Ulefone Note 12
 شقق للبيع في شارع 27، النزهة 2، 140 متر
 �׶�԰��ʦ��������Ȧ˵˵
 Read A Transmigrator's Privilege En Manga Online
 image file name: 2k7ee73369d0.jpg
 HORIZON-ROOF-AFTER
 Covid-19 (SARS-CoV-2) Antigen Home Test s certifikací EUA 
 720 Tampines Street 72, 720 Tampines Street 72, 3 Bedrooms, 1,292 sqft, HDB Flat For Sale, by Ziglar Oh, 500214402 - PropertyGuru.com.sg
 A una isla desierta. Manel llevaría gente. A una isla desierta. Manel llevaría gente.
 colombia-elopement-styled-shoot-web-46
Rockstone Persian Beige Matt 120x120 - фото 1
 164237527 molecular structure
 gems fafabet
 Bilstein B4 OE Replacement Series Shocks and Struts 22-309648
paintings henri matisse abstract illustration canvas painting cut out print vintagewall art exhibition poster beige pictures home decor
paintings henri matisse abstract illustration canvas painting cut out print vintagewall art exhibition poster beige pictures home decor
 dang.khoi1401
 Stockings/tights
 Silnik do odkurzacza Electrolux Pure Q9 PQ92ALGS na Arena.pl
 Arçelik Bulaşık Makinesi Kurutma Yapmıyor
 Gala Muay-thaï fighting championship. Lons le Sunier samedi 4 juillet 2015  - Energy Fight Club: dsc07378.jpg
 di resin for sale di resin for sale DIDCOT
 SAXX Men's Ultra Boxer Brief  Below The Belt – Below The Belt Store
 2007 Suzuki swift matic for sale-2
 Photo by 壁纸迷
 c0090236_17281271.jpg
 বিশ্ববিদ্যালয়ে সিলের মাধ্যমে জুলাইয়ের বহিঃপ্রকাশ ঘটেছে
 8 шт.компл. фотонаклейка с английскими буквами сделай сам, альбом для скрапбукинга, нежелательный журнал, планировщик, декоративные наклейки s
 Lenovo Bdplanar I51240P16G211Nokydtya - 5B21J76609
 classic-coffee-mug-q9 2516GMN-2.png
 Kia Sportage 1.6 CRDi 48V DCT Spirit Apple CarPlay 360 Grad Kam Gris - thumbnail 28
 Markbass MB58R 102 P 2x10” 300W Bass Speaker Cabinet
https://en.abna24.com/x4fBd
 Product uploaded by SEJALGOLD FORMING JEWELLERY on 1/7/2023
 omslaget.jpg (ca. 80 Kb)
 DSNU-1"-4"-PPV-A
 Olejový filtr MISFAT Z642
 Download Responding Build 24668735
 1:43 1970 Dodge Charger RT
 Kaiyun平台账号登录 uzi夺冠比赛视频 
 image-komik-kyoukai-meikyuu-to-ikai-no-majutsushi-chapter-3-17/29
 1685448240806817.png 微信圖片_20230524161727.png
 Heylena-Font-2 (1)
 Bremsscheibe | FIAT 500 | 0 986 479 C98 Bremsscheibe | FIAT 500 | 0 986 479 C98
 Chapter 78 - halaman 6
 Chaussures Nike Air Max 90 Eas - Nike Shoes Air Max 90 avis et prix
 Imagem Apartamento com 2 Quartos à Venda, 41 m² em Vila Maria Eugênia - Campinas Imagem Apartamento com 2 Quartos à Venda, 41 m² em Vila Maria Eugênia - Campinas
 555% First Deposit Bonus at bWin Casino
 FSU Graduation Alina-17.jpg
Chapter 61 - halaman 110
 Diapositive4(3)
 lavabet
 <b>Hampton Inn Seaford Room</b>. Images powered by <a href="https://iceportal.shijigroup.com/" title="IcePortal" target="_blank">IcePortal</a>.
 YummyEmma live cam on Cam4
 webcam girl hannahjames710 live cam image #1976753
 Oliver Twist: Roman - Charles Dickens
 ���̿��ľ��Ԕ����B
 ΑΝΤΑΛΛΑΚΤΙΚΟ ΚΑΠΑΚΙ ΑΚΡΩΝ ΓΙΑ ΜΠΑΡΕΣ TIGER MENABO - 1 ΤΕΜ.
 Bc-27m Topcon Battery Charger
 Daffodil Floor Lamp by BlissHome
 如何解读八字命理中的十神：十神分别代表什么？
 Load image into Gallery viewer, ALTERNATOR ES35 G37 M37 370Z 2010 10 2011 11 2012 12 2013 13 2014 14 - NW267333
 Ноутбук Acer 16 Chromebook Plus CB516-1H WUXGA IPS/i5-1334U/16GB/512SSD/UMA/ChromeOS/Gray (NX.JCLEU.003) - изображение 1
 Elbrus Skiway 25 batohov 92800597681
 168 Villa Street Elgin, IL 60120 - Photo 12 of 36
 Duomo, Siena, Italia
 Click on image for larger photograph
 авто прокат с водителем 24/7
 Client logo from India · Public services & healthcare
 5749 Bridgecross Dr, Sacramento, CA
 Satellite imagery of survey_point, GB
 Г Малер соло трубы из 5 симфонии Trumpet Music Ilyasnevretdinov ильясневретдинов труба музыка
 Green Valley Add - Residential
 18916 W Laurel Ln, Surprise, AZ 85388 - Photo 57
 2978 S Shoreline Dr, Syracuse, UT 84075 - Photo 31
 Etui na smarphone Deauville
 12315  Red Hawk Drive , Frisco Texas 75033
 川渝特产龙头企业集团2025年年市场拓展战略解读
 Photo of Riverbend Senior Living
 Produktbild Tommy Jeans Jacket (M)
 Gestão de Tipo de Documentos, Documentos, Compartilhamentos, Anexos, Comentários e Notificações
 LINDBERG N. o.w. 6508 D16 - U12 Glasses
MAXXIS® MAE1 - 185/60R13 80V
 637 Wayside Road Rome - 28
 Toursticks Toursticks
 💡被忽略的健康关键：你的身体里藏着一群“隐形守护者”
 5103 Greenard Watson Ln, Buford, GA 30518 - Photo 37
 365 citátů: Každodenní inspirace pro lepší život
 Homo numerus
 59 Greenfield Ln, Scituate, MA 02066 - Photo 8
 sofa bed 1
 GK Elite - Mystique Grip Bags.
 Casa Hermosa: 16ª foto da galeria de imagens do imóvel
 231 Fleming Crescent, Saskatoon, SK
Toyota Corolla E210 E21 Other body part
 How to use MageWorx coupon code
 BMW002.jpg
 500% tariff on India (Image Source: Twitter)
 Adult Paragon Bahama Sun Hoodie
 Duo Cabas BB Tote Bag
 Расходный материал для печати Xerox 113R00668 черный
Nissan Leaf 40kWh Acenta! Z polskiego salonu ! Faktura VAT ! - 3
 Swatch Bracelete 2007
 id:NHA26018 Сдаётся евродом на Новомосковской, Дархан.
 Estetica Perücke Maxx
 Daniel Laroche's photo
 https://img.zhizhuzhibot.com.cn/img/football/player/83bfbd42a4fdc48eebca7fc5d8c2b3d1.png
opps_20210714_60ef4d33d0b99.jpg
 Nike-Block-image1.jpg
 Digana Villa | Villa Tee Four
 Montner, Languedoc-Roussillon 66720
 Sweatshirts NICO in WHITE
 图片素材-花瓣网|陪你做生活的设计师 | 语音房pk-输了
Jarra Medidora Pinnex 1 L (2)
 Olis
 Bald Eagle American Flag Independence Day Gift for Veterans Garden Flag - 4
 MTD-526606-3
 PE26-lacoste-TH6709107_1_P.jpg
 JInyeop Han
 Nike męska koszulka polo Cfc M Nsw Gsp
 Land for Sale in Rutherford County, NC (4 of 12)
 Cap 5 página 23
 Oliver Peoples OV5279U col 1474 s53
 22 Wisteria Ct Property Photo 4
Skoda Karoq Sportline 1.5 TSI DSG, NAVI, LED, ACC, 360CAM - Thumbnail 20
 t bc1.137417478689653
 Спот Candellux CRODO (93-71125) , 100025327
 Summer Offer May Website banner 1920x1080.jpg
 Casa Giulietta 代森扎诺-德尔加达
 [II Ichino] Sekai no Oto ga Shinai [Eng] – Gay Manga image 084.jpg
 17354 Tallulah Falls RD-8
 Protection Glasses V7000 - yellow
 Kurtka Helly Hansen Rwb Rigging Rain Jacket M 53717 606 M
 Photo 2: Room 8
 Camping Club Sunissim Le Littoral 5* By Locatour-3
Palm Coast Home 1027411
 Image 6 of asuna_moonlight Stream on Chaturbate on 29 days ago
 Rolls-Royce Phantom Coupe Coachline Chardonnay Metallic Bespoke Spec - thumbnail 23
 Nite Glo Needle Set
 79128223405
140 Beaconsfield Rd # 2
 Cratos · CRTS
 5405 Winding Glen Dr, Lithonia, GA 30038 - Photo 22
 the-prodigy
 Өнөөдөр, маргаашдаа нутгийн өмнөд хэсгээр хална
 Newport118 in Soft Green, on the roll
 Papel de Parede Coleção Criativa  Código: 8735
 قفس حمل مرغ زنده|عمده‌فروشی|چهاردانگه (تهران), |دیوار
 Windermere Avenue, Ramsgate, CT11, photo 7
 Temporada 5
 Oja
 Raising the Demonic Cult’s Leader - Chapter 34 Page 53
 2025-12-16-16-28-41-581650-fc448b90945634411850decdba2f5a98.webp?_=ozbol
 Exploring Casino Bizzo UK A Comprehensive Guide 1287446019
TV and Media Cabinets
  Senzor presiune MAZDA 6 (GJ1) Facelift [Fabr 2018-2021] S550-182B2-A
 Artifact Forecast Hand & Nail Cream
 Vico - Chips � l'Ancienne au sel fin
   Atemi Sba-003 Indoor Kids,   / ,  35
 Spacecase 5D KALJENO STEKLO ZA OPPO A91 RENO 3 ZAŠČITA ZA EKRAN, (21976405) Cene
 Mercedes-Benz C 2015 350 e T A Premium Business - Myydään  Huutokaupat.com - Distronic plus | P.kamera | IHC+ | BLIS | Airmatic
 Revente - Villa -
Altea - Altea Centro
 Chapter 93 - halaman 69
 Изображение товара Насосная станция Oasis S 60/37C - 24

★ ★ ★ ★

TASK REQUIREMENTS => Using the records above, give the number of lines in which the word "Street" occurs, and nothing else.

RESPONSE AREA => 2